Bloomberg News: Wall Street Warns of Mounting Recession Risk from Trade War

Article by Will Mathis and Enda Curran in Bloomberg News
Wall Street’s biggest banks lined up to warn investors of growing recession risks from the escalating trade war between the U.S. and China.
A global recession could start within nine months if President Donald Trump imposes 25% tariffs on an additional $300 billion of Chinese exports and Beijing retaliates, according to Morgan Stanley. Separately, JPMorgan Chase & Co. said the probability of a U.S. recession in the second half of this year had risen to 40% from 25% a month ago.
Government bonds yields have tumbled this year as investors moved to price in an economic slowdown and central bank easing -- and a key recession indicator, the gap between three-month and 10-year Treasury rates, is sending the strongest warning sign since 2007. Yet strategists at JPMorgan and Citigroup Inc. see scope for even lower yields.

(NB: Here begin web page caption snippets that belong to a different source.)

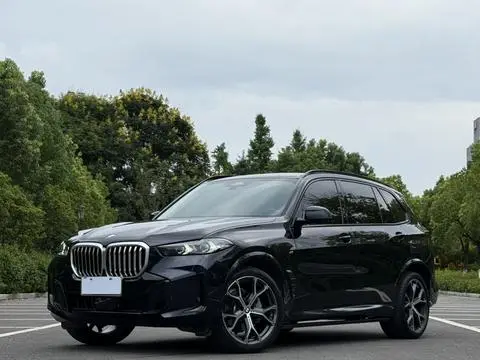 BMW X5 2023 — фото 1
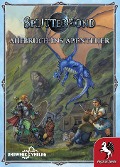 Cover-Bild zum Titel 'Splittermond - Aufbruch ins Abenteuer (Box)' von ''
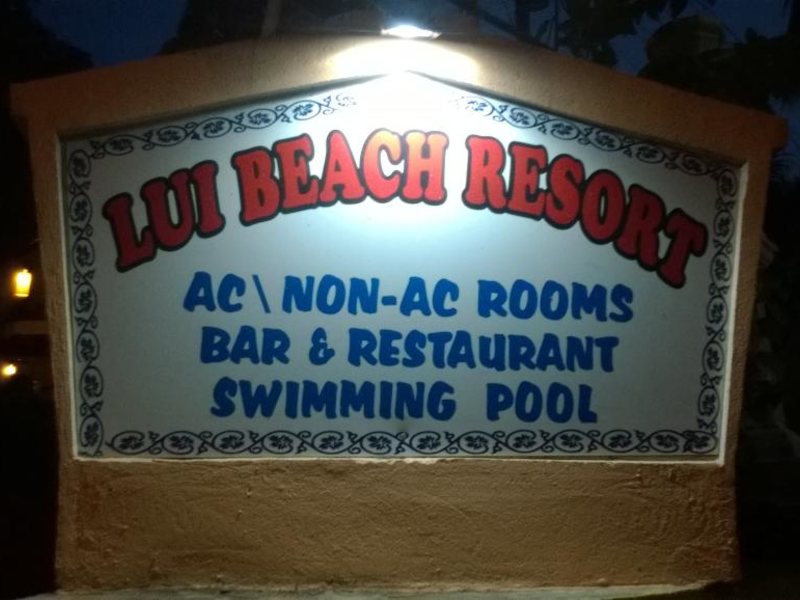 Lui Beach Resort 207826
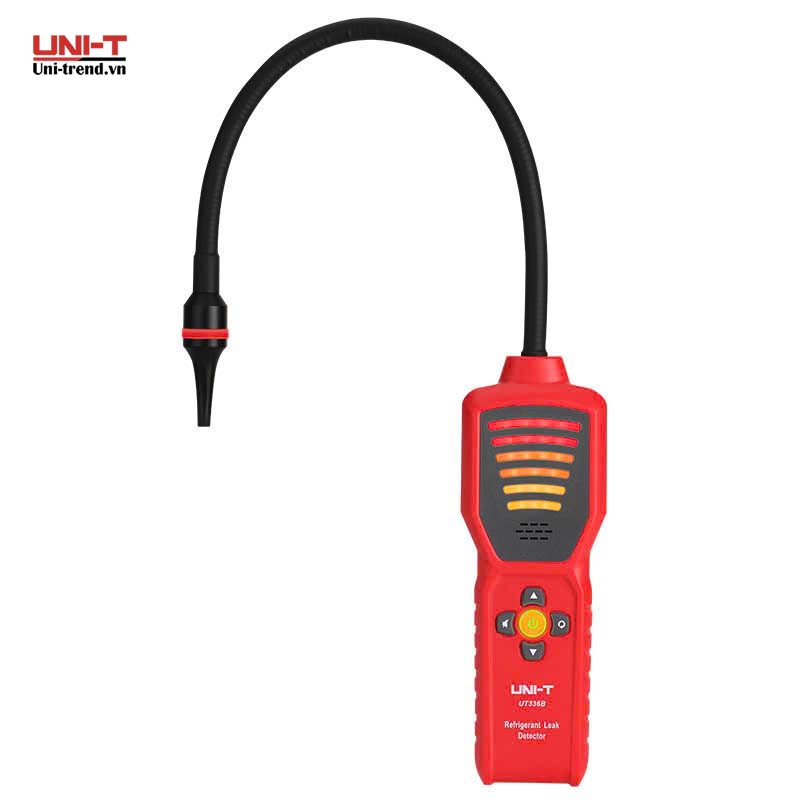 Máy phát hiện rò rỉ môi chất lạnh UNI-T UT336B (3g/a, CFC, HCFC, HFC)
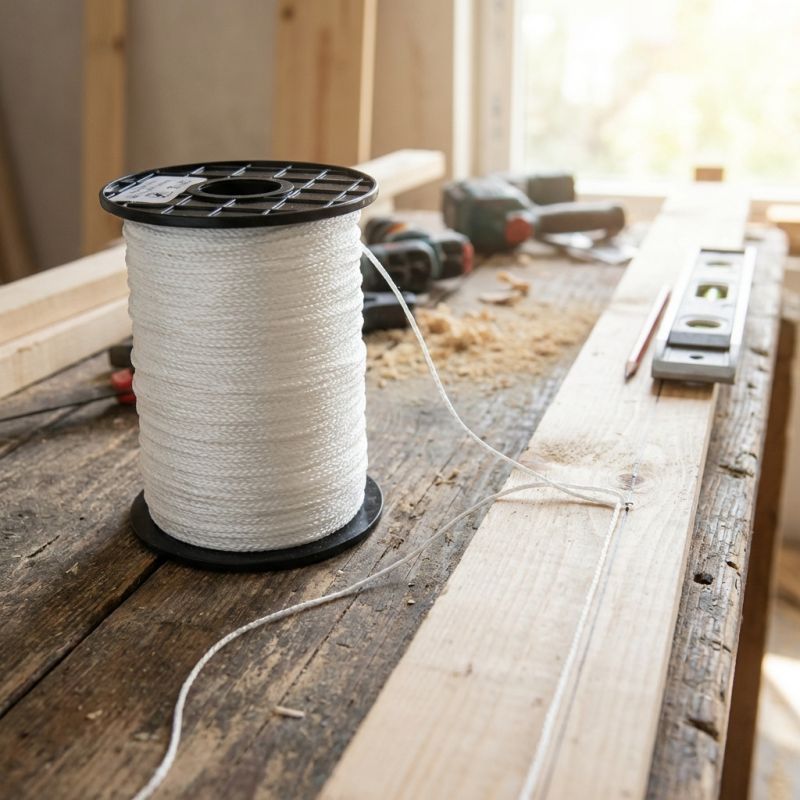 Cordeau diamètre - 2x100m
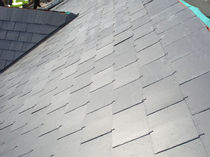 tuile photovolta&iuml;que WILTSHIRE Solar Slate Ltd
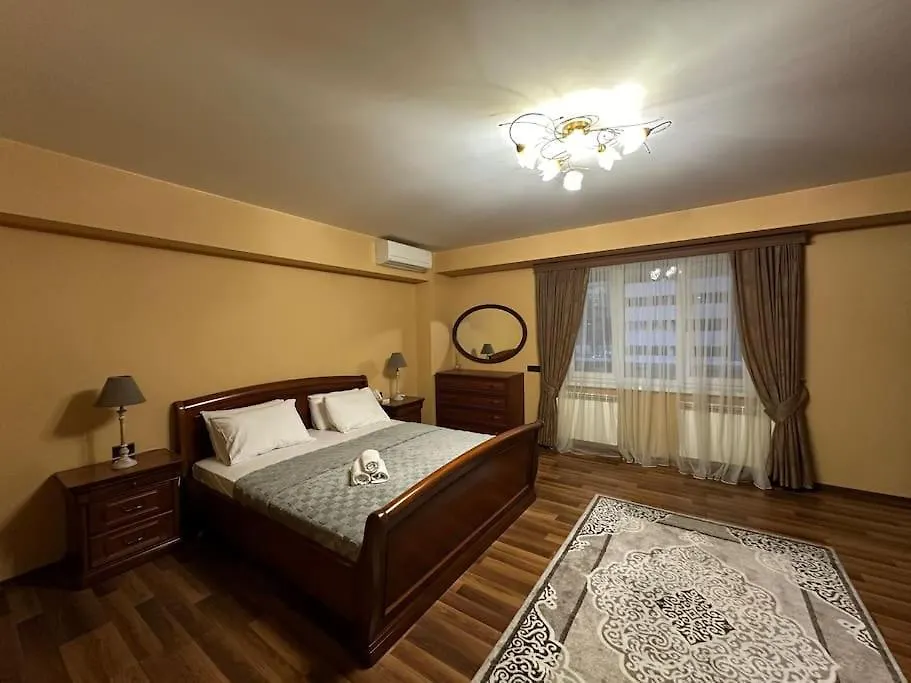 Panoramic View Apartment Baku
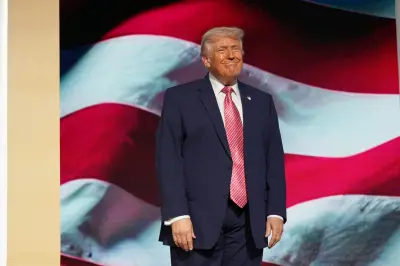 Trump tauft Straße von Hormus um: „Straße von Trump“ sorgt für Gelächter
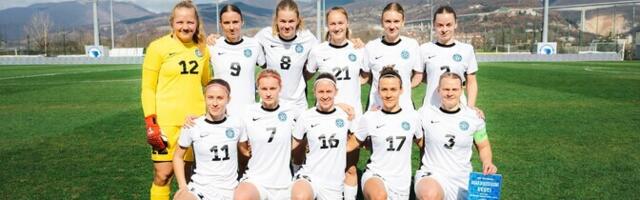 Naiste jalgpallikoondis pidi Bosnia ja Hertsegoviina paremust tunnistama
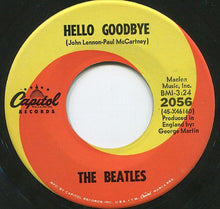 Load image into Gallery viewer, The Beatles : Hello Goodbye (7", Single, Scr)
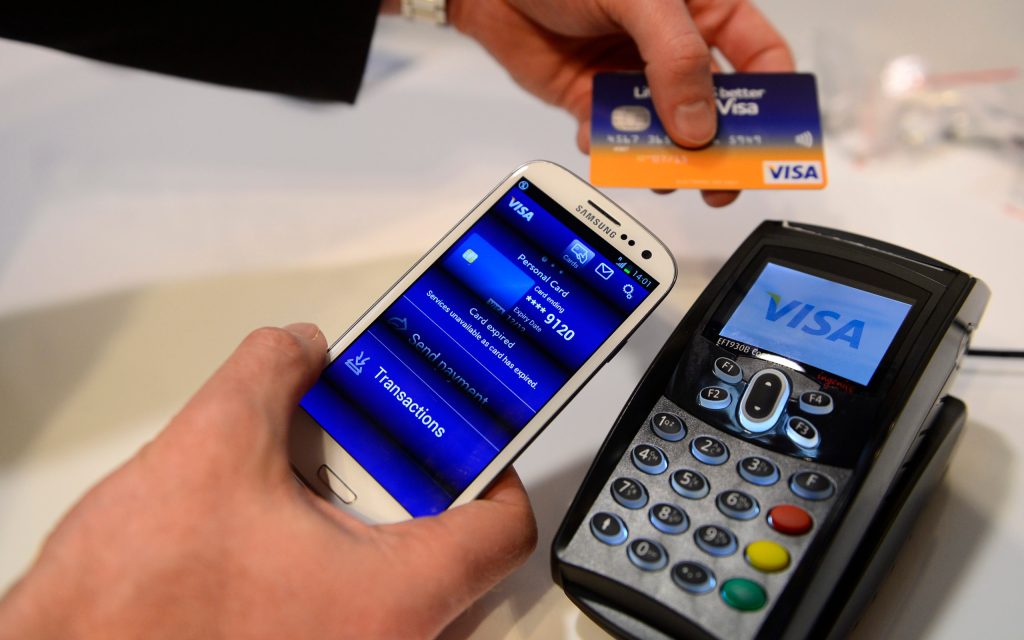 Thumbnail for Cashless shift shortchanges donations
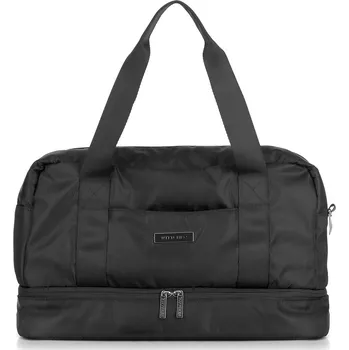 Cestovní taška Černá cestovní taška | WITTCHEN | 56-3S-708-10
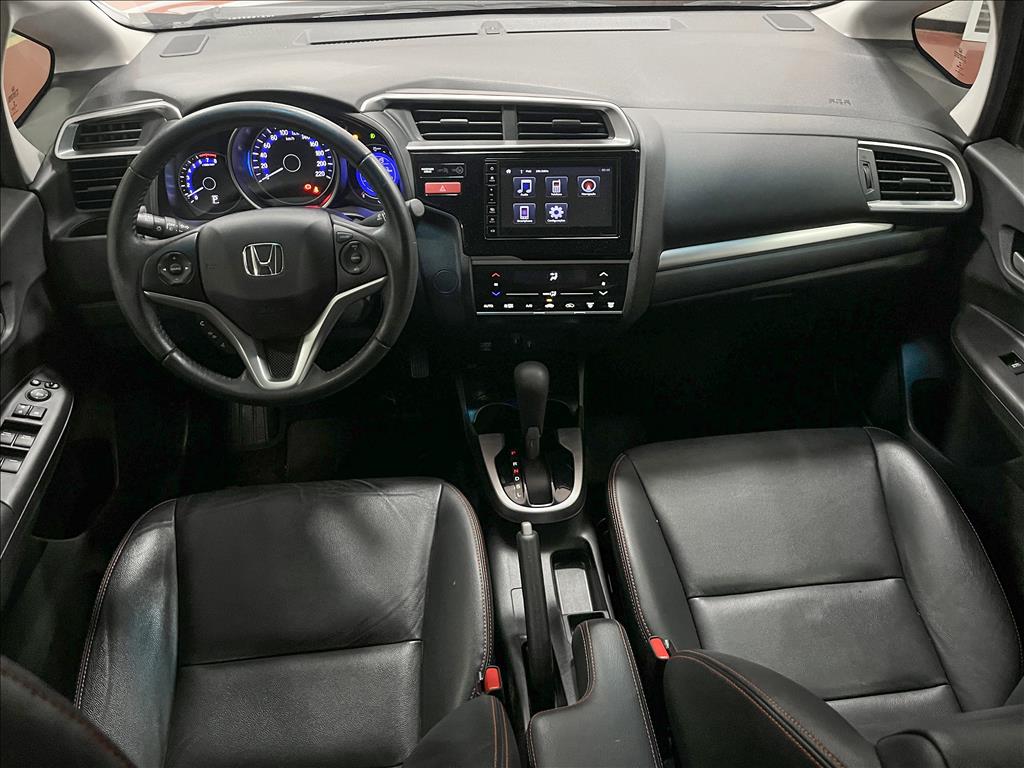WR-V 1.5 16V FLEXONE EXL CVT7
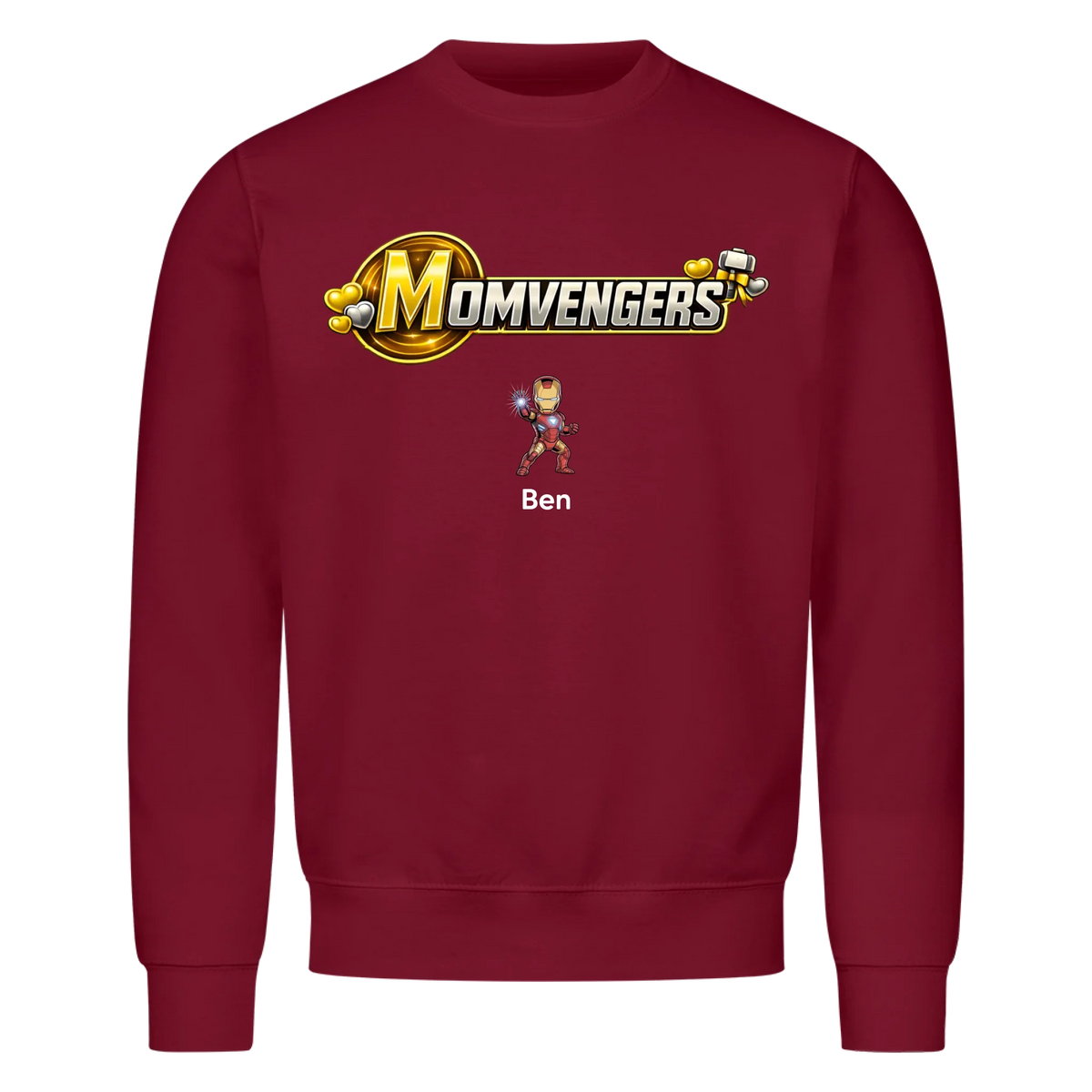 Momvengers - customizable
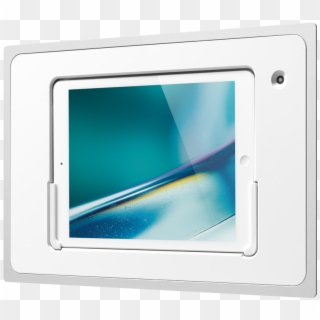 White Ipad Png - Smartphone, Transparent Png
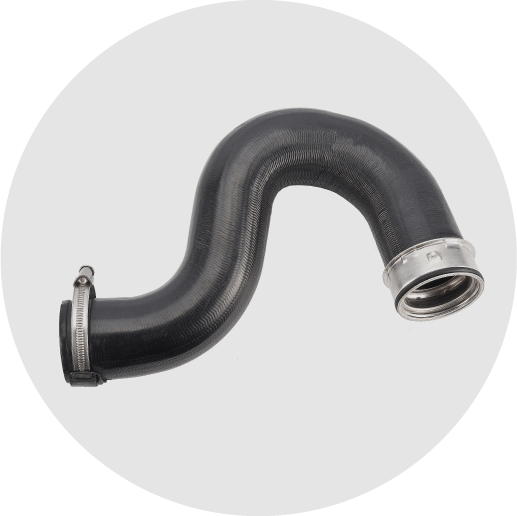 Filler neck hose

Also sounding the alert, economists at Goldman Sachs Group Inc. said they now expect the U.S. to impose 10% tariffs on the remaining $300 billion-worth of imports from China and on all Mexican goods, too. The bank lowered its U.S. second-half growth forecast by about half a percentage point to 2% and said it sees a greater likelihood of interest-rate cuts from the Federal Reserve.